Case Report, J Sleep Disor Treat Care Vol: 4 Issue: 4
Case Report: Disturbed Sleep in a Patient with Moyamoya Disease
|Arina Bingeliene1,2*, Colin M Shapiro1,2, Sharon A Chung3 and Paul A Hwang4
|1Department of Psychiatry, Faculty of Medicine, University of Toronto; Neuropsychiatry Program, Toronto Western Hospital, University Health Network, Canada
|2Sleep Research Laboratory, Toronto Western Hospital, Canada
|3Sleep Research Unit, Department of Psychiatry, University Health Network,Canada
|4Department of Medicine, Institute of Medical Science, University of Toronto,Canada
|Corresponding author : Dr. Arina Bingeliene, MD
Toronto Western Hospital, 399 Bathurst Street, 7-Main, Rm. 422, Toronto, Ontario, M5T2S8, Canada
Tel: 416-603-5273; Fax: 416-603-6919
|Received: January 23, 2015 Accepted: November 04, 2015 Published: November 09, 2015
|Citation: Bingeliene A, Shapiro CM, Chung SA, Hwang PA (2015) Case Report: Disturbed Sleep in a Patient with Moyamoya Disease. J Sleep Disor: Treat Care 4:4. doi:10.4172/2325-9639.1000164
Background: Moyamoya disease is a chronic, progressive occlusion of the circle of Willis arteries that leads to the development of characteristic collateral vessels. The incidence of moyamoya disease is highest in Japan, with 0.35 cases per 100,000 people. At this time, moyamoya disease is believed to be hereditary and the pathogenesis is unknown.
Case report: This case report describes an 11-year-old Asian girl diagnosed with idiopathic moyamoya disease. The patients have a history of severe migraines and sleep disturbances and experienced a stroke-like event with balance, coordination, sensory and motor function impairment. She was subsequently treated with three revascularisation surgeries. Prior to her presentation, the patient experienced severe migraines attacks 4-5 times per week, with migraines representing a primary concern since the age of 5. She experienced difficulties falling asleep and maintaining sleep and developed mood-related problems. A full montage electroencephalogram (EEG) showed abnormal background activity and revealed epileptiform changes. Following treatment of her sleep disturbance with Tryptophan, her migraines improved and functional abilities were also enhanced. Her improvement in sleep function was quantified via repeated polysomnographic studies and actigraphy monitoring between 1/2012 and 2/2014. Along with the details of this case, this article provides a review of the literature related to this condition.

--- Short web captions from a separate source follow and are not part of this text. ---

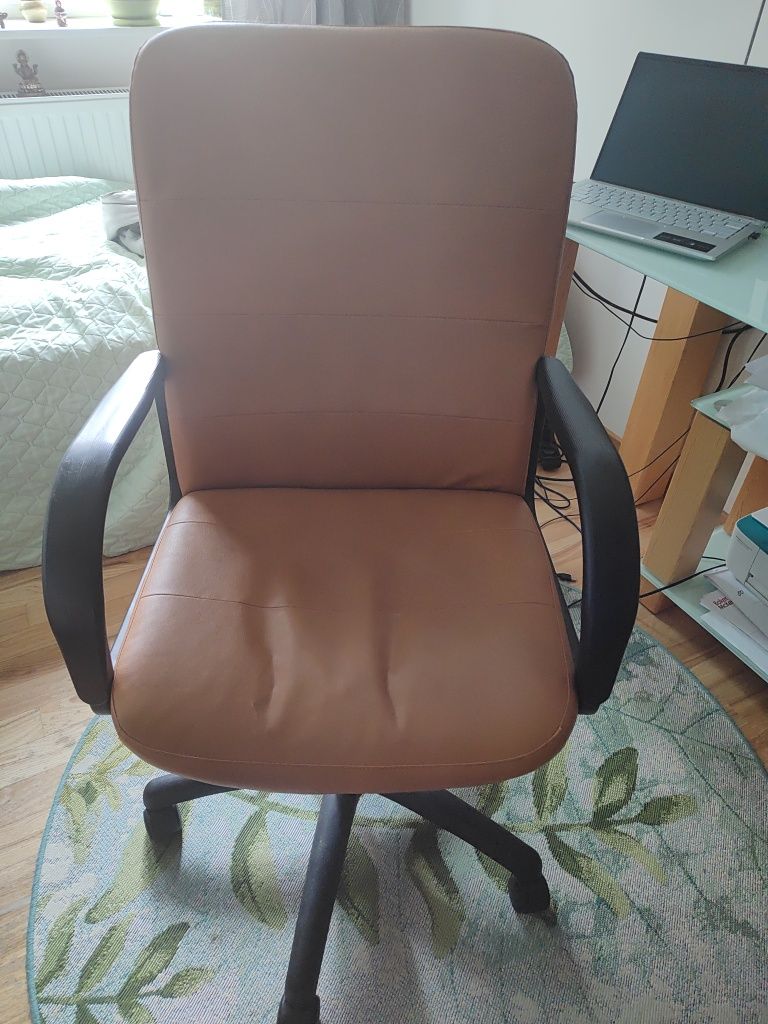 Fotel obrotowy do biurka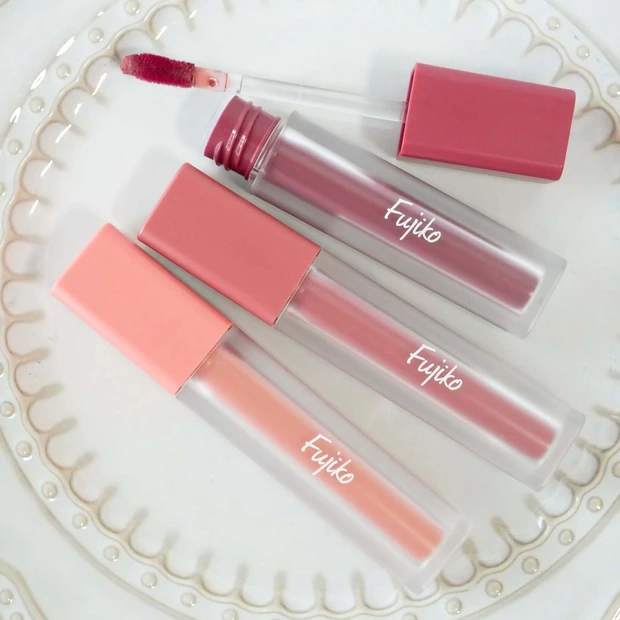 フジコ初となるマットリップをスウォッチ！ 水分が逃げない処方で色落ちもしにくい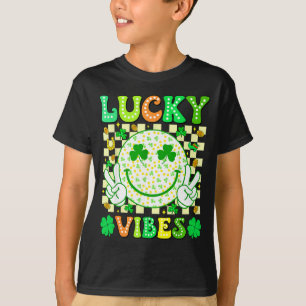 Groovy St. Patrick's Dag Lucky Vibes Klaver Vrouwe T-shirt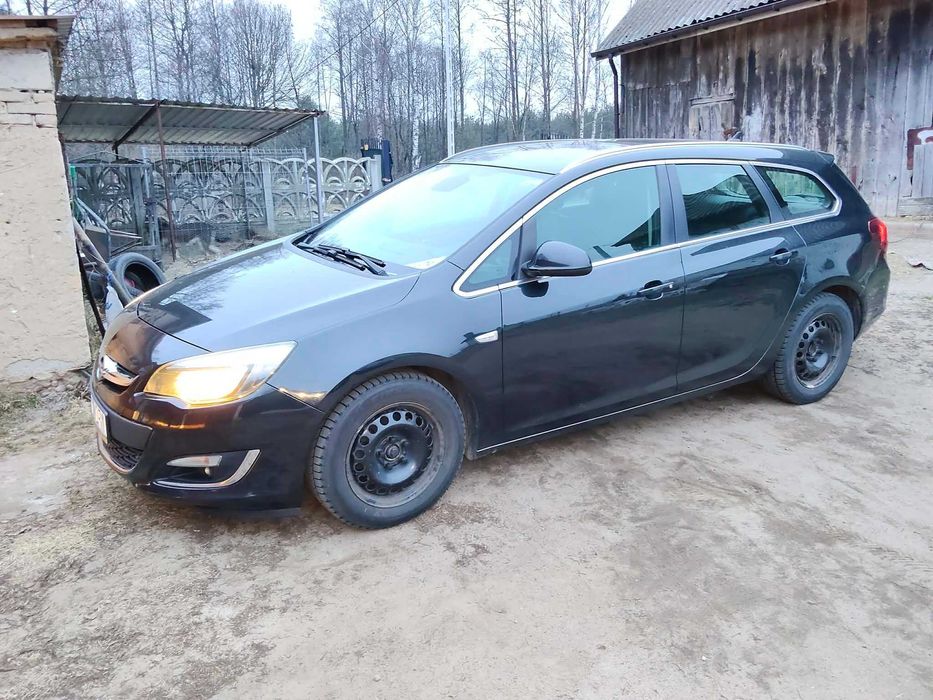 Opel Astra J  2014
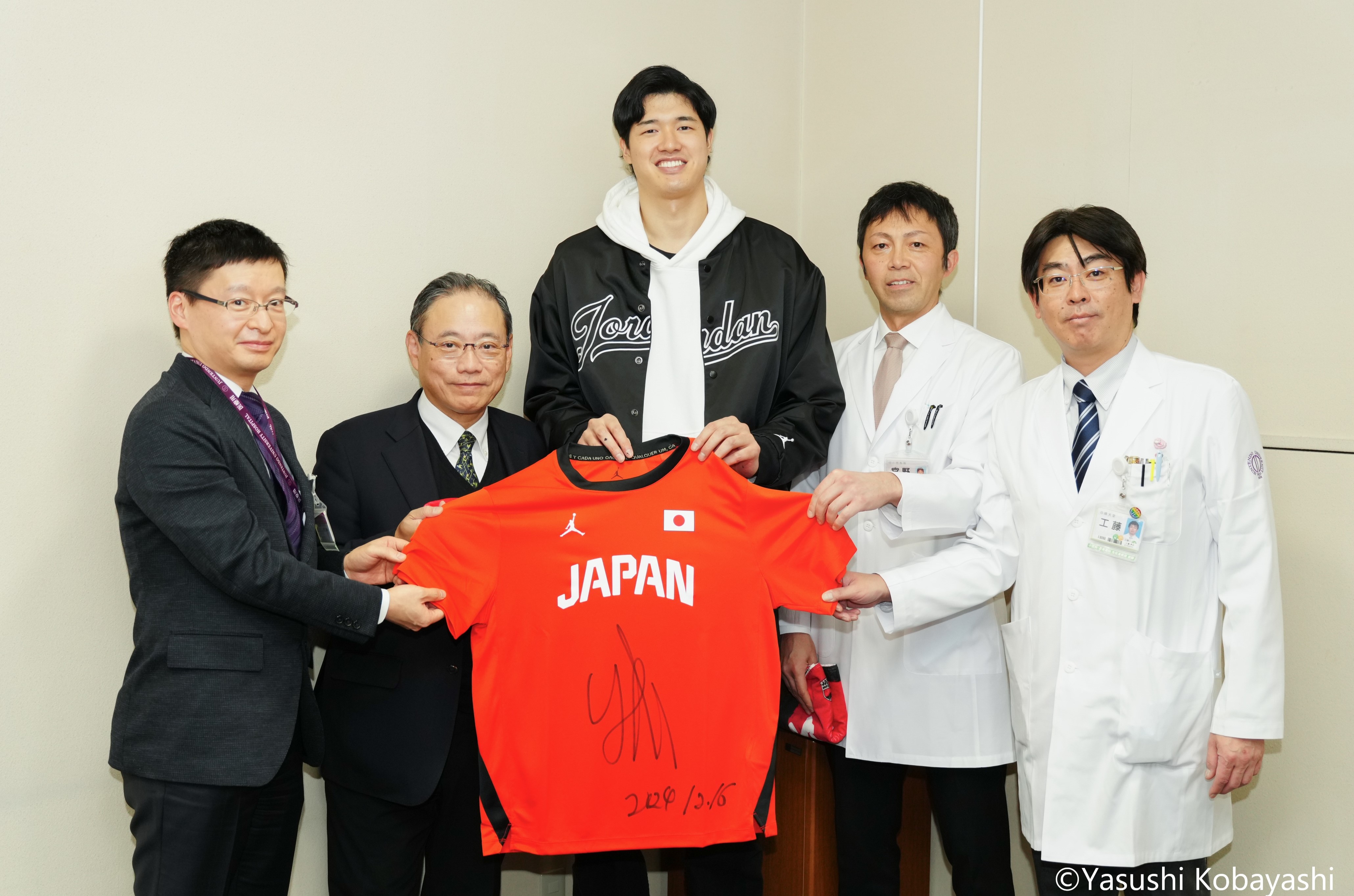 バスケットボール日本代表の渡邉雄太選手が小児病棟を訪問されました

Conclusion: This case report demonstrates that investigation of sleep-related concerns is able to provide a window into neurologic abnormalities, allowing for enhanced detection of these issues and improved therapeutic outcomes. A review of the literature indicates that little information is available related to the pathogenesis of moyamoya disease and that the presentation of sleep disturbances has not been widely reported. We believe this case report will help to improve understanding of the disease and its presentation.